Azimuthal plasma inhomogeneity in planar Hall thrusters: spatiotemporal evolution and its impacts on performance
Wei Liu, Weizong Wang, Chen Lingxi, Peiran Li, Yifei Li, Guangchuan Zhang
Abstract
Abstract Planar Hall thrusters (PHTs) offer a promising solution for miniaturized electric propulsion by eliminating the discharge channel. The PHT exhibits complex plasma oscillations that significantly influence electron transport, ion acceleration, and thruster performance, which remain insufficiently explored. This study uses high-speed imaging to investigate the spatiotemporal evolution of azimuthal plasma inhomogeneity in a permanent-magnet PHT across a wide range of operating conditions. Proper orthogonal decomposition (POD) is employed to extract the dominant modes and analyze their transitions. Results reveal three distinct discharge modes: the rotating spoke mode, characterized by a stably rotating luminous plasma region at low discharge voltages; the breathing mode, dominated by global low-frequency oscillations at high discharge voltages and low neutral flow rates; and the transition mode, exhibiting more uniform azimuthal ionization distributions and reduced fluctuations. The POD spatial modes are obtained and ranked by their energy contributions, identifying the dominant structures that govern the plasma oscillations.

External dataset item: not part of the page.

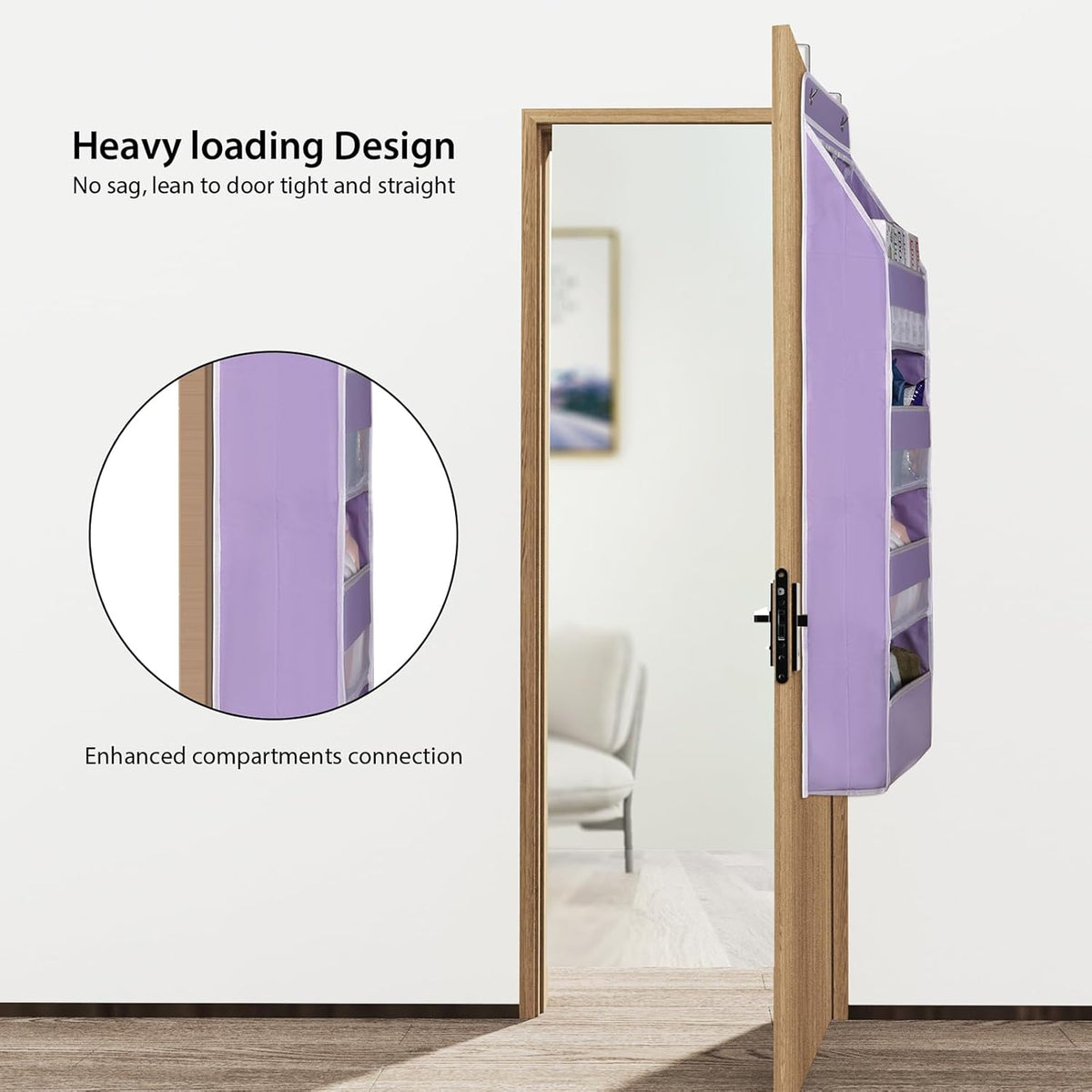 Univivi 5-Shelf Fabric Door Storage Over Door Hanging Organizer with 4 Large Pockets and 3 Small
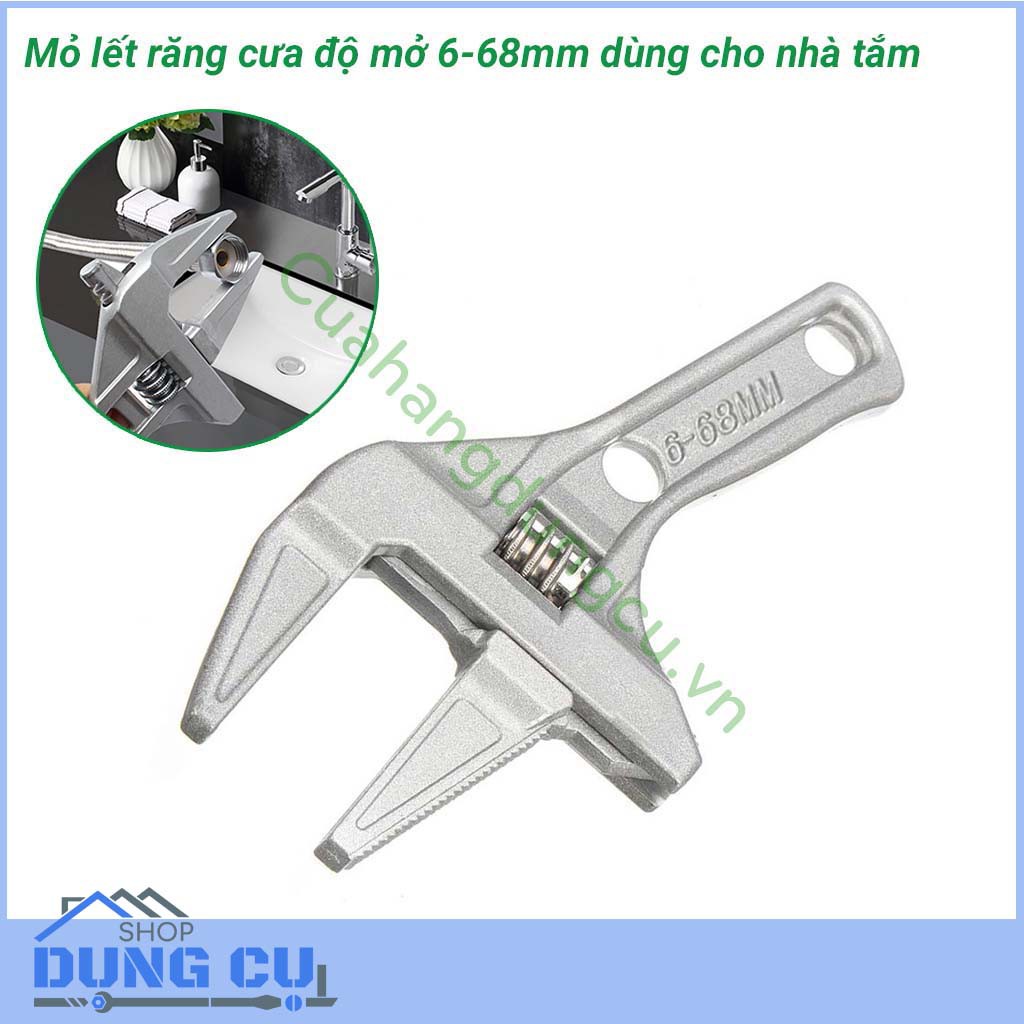 Mỏ lết ngắn lưỡi răng cưa độ mở lớn từ 6-68mm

A minimum relative discharge current amplitude of ∼6.2% corresponds to the threshold for the transition from rotating spoke to transition mode, with the threshold anode potential ranging from 150 to 200 V and increasing with propellant flow rate. Further experiments establish correlations between discharge modes and thruster performance using electrostatic probes and a torsional thrust stand. Both rotating spoke mode and breathing mode lead to a reduction in plume divergence efficiency. The Pearson correlation coefficient between the relative amplitude of light intensity and the reciprocal of the beam divergence efficiency reaches 0.9, indicating a strong inverse relationship between the plasma inhomogeneity and beam divergence efficiency. The transition mode is the most favorable for optimal thruster performance, as it strikes a favorable balance between key performance parameters. This study provides deeper insights into PHT discharge instabilities and their impact on performance, offering a strategy for optimizing the thruster’s operating parameters.